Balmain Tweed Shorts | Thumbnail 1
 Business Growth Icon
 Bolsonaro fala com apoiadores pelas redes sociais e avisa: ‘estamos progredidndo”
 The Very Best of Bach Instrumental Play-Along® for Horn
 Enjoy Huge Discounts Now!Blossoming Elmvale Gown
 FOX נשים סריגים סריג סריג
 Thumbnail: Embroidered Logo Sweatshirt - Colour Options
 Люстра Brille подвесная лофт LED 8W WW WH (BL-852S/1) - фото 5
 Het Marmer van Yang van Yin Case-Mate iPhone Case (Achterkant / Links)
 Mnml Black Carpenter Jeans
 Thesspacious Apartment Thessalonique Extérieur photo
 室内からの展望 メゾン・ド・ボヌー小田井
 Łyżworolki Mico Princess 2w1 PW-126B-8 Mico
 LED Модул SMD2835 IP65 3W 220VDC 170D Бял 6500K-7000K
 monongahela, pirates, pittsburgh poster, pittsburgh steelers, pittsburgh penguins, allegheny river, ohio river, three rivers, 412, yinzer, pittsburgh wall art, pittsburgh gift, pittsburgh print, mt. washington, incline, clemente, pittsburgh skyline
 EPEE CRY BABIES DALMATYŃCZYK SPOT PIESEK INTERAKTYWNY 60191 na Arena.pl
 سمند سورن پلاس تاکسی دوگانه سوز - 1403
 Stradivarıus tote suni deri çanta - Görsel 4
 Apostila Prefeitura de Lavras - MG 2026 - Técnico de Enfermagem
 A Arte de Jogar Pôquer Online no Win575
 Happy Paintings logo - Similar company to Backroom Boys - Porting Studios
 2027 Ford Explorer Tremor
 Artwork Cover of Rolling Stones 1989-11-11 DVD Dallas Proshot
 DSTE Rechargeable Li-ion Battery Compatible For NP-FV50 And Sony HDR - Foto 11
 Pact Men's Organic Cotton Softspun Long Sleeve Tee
****
• Work task: Write the entries out again, exactly and completely.

• Task solution:
Balmain Tweed Shorts | Thumbnail 1
 Business Growth Icon
 Bolsonaro fala com apoiadores pelas redes sociais e avisa: ‘estamos progredidndo”
 The Very Best of Bach Instrumental Play-Along® for Horn
 Enjoy Huge Discounts Now!Blossoming Elmvale Gown
 FOX נשים סריגים סריג סריג
 Thumbnail: Embroidered Logo Sweatshirt - Colour Options
 Люстра Brille подвесная лофт LED 8W WW WH (BL-852S/1) - фото 5
 Het Marmer van Yang van Yin Case-Mate iPhone Case (Achterkant / Links)
 Mnml Black Carpenter Jeans
 Thesspacious Apartment Thessalonique Extérieur photo
 室内からの展望 メゾン・ド・ボヌー小田井
 Łyżworolki Mico Princess 2w1 PW-126B-8 Mico
 LED Модул SMD2835 IP65 3W 220VDC 170D Бял 6500K-7000K
 monongahela, pirates, pittsburgh poster, pittsburgh steelers, pittsburgh penguins, allegheny river, ohio river, three rivers, 412, yinzer, pittsburgh wall art, pittsburgh gift, pittsburgh print, mt. washington, incline, clemente, pittsburgh skyline
 EPEE CRY BABIES DALMATYŃCZYK SPOT PIESEK INTERAKTYWNY 60191 na Arena.pl
 سمند سورن پلاس تاکسی دوگانه سوز - 1403
 Stradivarıus tote suni deri çanta - Görsel 4
 Apostila Prefeitura de Lavras - MG 2026 - Técnico de Enfermagem
 A Arte de Jogar Pôquer Online no Win575
 Happy Paintings logo - Similar company to Backroom Boys - Porting Studios
 2027 Ford Explorer Tremor
 Artwork Cover of Rolling Stones 1989-11-11 DVD Dallas Proshot
 DSTE Rechargeable Li-ion Battery Compatible For NP-FV50 And Sony HDR - Foto 11
 Pact Men's Organic Cotton Softspun Long Sleeve Tee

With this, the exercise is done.